Given their partnership with Malaysian oil giant, PETRONAS, Mercedes will want to do well this weekend. Sepang is characterised with its sweeping corners and long straights, and the Silver Arrows should be well-suited to this track. Set-up is always a compromise in Malaysia; drivers need a good car in the middle sector, but they also cannot afford to lose too much time on the long straights.
The biggest unknown is the weather.
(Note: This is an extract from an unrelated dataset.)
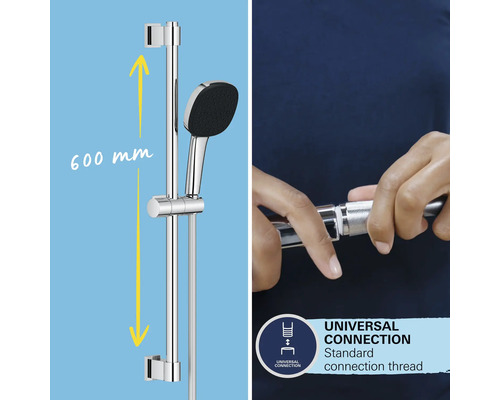 Sprchová tyč s ruční sprchou a rozměrem 600 mm a symbolem pro univerzální připojení se standardním připojovacím závitem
The latest weather forecast (27/09/17) indicates a high possibility of rain during each day of the Malaysian Grand Prix weekend, which means that after the Singapore Grand Prix we may very well see another race in wet conditions.
The things to look out for this weekend include; Ferrari's resolve to pull out an unlikely result to bounce back from its Singapore nightmare. Pierre Gasly is poised to make his Formula 1 debut for Toro Rosso, with multiple sources indicating that the Italian team has decided to ‘rest’ Kvyat. Finally, will Alonso re-sign for McLaren on a one-year deal now it has Renault engines for 2018? With Alonso frequently saying from the beginning of the season he wanted to have his 2018 plans sorted by September, he will need to make an announcement before race day in Malaysia.
Title rivals Mercedes and Ferrari have chosen different tyre strategies for the Malaysian Grand Prix. Sepang has many characteristics similar to Spa where Ferrari and Mercedes were evenly matched, but ultimately Mercedes still had the power advantage. It is expected to be a similar race in Malaysia.
The prediction is for Hamilton to take pole and the win in a closely fought battle with Vettel, but don’t be surprised if Ferrari do bounce back. Weather could really mix things up this weekend.